Singing Voice Accompaniment Data Augmentation with Generative Models
Published in 2025 IEEE International Conference on Acoustics, Speech, and Signal Processing Workshops, 2025
Recommended citation: Perez, Miguel & Kirchhoff, Holger & Grosche, Peter & Serra, Xavier (2025) "Singing Voice Accompaniment Data Augmentation with Generative Models" 2025 IEEE International Conference on Acoustics, Speech, and Signal Processing Workshops (ICASSPW), Hyderabad, India, 2025, pp. 1-5. https://ieeexplore.ieee.org/document/11011167
Singing voice transcription is a key task in Music Information Retrieval (MIR) that focuses on identifying sung notes within a music audio segment. Advancing state-of-the-art methods in this area relies heavily on high-quality data, yet annotating such data is resource-intensive and requires musical expertise. In genres like pop music, data sharing is further complicated by copyright and distribution limitations. In this paper, we refine a recently proposed data augmentation technique that leverages AI-generated music audio to address these data-related challenges.
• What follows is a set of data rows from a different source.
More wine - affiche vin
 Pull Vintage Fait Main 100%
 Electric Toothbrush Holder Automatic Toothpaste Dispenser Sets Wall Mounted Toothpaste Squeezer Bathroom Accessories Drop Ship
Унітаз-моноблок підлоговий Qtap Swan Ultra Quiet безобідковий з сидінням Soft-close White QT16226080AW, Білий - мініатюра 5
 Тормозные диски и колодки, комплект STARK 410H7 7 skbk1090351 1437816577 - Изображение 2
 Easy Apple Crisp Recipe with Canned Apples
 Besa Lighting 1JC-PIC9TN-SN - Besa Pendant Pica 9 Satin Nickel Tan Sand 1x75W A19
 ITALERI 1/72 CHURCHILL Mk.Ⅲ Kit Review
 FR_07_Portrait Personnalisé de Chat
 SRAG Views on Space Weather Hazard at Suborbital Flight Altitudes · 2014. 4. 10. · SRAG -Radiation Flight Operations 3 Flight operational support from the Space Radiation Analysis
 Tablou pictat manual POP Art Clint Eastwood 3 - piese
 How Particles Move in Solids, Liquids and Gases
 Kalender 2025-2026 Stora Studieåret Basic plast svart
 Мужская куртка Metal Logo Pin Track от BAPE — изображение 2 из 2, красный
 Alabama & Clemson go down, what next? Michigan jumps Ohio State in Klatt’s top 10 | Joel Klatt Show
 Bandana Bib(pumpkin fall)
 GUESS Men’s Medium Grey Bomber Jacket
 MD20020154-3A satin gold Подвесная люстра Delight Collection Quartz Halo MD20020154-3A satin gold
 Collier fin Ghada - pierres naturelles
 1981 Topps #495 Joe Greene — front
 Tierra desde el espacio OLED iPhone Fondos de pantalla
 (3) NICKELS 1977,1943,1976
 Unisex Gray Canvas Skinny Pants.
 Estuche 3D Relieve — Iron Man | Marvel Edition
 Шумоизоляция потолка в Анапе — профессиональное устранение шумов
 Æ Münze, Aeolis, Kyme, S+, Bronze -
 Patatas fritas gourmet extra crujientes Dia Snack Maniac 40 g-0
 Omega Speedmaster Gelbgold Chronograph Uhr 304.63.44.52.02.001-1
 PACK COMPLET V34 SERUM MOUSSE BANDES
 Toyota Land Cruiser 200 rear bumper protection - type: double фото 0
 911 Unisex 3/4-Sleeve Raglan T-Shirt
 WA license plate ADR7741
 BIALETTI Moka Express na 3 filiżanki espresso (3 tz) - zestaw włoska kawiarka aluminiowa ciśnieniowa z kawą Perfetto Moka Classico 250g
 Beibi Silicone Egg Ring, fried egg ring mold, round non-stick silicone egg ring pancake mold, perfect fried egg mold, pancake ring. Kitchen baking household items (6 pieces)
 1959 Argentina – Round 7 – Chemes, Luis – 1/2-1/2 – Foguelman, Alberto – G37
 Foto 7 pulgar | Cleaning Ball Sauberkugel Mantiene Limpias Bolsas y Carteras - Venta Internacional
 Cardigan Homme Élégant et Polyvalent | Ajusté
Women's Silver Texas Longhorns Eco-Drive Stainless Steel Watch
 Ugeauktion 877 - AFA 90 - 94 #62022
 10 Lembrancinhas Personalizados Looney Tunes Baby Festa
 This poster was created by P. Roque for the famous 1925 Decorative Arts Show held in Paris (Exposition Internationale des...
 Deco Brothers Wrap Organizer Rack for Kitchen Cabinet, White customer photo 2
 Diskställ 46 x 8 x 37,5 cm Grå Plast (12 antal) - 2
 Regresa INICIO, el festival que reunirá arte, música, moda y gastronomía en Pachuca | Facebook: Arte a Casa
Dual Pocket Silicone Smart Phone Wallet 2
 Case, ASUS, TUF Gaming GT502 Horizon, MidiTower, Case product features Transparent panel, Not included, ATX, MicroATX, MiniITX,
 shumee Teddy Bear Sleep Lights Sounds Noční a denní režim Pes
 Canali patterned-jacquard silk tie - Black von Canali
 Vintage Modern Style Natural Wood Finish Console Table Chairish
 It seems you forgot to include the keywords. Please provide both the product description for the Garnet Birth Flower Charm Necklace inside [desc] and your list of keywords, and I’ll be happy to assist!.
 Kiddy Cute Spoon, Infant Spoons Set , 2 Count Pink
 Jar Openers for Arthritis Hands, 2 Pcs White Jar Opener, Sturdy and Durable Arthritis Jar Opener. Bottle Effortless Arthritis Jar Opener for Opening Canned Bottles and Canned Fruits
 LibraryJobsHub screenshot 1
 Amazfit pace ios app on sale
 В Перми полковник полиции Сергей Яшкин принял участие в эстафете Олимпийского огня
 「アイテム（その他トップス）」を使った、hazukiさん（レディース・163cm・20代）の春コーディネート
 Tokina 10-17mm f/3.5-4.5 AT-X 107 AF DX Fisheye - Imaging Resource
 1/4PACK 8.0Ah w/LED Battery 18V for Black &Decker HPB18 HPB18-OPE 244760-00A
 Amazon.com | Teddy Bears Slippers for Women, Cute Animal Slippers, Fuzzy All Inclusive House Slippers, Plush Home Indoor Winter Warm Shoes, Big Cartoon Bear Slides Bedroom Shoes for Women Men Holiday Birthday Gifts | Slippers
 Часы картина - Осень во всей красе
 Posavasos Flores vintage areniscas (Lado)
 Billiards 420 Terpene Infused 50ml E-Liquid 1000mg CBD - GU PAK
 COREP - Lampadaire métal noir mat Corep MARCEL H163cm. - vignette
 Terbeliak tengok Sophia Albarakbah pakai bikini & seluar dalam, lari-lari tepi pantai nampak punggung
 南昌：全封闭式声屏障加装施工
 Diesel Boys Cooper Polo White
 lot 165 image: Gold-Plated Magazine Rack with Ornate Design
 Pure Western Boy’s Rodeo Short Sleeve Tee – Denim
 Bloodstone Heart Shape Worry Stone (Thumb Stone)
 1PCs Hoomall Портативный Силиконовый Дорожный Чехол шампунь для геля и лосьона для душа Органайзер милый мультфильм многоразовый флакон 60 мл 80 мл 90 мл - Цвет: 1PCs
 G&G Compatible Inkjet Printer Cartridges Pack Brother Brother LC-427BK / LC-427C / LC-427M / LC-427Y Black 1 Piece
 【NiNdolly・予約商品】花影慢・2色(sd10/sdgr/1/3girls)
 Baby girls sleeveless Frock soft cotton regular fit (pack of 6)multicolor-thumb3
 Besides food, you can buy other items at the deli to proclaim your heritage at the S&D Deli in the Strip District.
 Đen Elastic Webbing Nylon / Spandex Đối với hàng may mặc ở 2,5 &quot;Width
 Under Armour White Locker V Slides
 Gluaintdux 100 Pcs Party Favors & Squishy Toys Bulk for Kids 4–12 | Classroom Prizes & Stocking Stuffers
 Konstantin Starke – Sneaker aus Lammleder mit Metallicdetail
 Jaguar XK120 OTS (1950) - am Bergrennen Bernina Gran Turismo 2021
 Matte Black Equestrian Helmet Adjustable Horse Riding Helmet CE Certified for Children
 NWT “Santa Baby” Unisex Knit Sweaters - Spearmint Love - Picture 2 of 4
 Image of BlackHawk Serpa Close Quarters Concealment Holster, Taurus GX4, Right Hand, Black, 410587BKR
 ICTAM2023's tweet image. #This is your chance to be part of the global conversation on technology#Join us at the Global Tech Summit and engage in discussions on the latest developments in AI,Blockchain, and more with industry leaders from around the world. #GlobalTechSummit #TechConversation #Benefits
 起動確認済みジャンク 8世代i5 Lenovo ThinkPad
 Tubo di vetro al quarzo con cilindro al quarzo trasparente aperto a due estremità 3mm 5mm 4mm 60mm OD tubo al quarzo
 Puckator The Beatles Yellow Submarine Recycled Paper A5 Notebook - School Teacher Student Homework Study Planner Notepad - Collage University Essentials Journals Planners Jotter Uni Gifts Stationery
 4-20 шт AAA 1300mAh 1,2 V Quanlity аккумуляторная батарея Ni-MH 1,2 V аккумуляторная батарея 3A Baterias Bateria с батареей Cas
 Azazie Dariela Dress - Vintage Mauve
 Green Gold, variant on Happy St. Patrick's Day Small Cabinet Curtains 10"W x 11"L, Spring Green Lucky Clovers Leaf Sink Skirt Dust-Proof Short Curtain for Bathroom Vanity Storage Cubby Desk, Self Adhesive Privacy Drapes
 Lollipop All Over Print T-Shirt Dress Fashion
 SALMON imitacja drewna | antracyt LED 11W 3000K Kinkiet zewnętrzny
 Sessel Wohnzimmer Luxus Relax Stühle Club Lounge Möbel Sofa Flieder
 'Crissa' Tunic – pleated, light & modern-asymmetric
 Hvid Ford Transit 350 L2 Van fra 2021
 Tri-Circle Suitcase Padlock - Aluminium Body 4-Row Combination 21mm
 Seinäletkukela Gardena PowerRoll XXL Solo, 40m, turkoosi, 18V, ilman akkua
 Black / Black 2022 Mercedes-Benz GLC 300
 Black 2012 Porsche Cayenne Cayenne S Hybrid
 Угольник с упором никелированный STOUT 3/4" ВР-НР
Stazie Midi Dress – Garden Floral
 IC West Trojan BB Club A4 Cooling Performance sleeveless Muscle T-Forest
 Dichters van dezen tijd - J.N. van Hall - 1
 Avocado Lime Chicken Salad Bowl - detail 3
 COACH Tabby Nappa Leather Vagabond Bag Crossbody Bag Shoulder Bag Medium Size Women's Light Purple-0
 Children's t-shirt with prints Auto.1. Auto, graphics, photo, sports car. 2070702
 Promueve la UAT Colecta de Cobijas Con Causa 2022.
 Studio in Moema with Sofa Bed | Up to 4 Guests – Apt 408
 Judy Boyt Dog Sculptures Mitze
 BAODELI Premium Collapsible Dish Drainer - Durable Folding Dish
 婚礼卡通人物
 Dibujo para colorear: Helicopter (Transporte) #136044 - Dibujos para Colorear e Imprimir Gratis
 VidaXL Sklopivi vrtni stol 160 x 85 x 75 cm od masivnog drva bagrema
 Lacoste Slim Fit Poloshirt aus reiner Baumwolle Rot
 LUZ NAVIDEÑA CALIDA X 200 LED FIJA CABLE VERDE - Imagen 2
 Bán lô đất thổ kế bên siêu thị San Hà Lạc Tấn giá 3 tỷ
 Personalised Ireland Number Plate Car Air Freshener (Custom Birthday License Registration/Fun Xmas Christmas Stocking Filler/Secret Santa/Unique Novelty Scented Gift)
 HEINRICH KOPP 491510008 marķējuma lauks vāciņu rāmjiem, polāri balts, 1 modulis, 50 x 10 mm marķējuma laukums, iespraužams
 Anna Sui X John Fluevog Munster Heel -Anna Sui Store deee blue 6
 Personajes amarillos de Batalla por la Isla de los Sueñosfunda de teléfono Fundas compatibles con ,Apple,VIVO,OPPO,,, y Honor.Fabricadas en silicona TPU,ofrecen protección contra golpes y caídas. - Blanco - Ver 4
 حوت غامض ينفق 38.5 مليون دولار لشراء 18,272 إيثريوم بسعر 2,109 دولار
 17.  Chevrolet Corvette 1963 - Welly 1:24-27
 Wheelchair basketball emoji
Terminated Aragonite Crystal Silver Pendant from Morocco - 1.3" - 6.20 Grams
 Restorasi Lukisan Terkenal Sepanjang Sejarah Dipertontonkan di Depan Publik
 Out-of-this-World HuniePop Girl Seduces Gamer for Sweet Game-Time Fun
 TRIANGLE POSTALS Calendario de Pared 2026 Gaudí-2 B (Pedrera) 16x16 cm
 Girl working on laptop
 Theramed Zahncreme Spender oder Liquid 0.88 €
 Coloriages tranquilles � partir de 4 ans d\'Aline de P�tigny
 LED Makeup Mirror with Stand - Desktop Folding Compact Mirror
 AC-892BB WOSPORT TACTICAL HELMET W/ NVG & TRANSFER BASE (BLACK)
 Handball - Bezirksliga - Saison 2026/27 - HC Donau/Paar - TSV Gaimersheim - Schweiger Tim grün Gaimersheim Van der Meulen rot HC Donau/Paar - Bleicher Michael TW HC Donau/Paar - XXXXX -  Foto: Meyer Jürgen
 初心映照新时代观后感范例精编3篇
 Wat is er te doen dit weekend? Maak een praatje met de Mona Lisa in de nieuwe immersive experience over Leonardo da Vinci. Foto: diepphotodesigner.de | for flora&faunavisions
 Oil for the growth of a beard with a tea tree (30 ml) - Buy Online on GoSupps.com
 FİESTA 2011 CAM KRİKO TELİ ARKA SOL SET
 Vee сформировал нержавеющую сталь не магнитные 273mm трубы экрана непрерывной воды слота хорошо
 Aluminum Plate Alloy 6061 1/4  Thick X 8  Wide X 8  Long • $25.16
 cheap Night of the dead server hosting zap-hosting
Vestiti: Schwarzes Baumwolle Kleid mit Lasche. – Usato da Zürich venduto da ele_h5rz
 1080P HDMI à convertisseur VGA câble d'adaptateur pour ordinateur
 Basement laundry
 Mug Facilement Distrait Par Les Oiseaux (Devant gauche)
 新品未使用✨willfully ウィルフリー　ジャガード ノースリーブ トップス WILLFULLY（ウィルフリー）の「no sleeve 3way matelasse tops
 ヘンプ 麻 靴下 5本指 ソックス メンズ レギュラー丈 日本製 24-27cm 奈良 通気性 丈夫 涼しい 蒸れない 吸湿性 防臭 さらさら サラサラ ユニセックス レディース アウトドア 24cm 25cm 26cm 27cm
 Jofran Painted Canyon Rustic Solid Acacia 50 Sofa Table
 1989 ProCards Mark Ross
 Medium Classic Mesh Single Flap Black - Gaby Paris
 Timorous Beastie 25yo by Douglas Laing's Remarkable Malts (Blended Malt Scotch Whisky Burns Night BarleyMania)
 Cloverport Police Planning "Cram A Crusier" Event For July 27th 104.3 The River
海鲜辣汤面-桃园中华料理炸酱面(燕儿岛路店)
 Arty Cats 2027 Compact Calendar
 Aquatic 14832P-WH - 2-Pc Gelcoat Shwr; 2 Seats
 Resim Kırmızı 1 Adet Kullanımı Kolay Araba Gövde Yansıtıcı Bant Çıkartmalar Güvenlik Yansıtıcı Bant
Specifically, we create musical accompaniments for vocals with known target notes, enabling the generation of new mixes that retain the original piece’s harmony while introducing substantial audio variation. Our cross-dataset experiments reveal that using harmony-matched mixes improves generalization, though performance remains below that achieved by training with additional real data.